Winmgmt /salvagerepository

Note this command will take the content of the inconsistent repository and merge it into the rebuilt repository if it is readable.
If the above doesn’t work, then run:

Winmgmt /resetrepository (This will reset repository to the initial state when the OS was first installed)

For Windows XP and Windows Server 2003, there are no built in switches to rebuild the Repository, so you must do it manually.

Warning: Rebuilding the WMI repository has resulted in some 3rd party products not working until their setup is re-run & their MOF re-added back to the repository.
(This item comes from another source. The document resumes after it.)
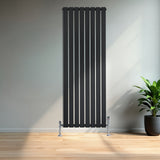 Radiador plano de coluna simples, 1600 x 560 mm, com acabamento preto, linhas retas e válvulas, ideal para aquecimento moderno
If /salvagerepository or /resetrepository does not resolve the issue, then manually rebuild repository:

1. Change startup type to Window Management Instrumentation (WMI) Service to disabled
2. Stop the WMI Service; you may need to stop IP Helper Service first or other dependent services before it allows you to stop WMI Service
3. Rename the repository folder: C:\WINDOWS\system32\wbem\Repository to Repository.old
4. Open a CMD Prompt with elevated privileges
5. CD windows\system32\wbem
6. for /f %%s in ('dir /b /s *.dll') do regsvr32 /s %%s
7. Set the WMI Service type back to Automatic and start WMI Service
8. cd /d c:\ ((go to the root of the c drive, this is important))
9. for /f %%s in ('dir /s /b *.mof *.mfl') do mofcomp %%s
10. Reboot the server

Finally, install latest hotfixes for WMI as they can help prevent issue from recurring. If you continue to have recurring WMI repository corruption issues on same machine, please engage a Microsoft Support Engineer for further troubleshooting and assistance.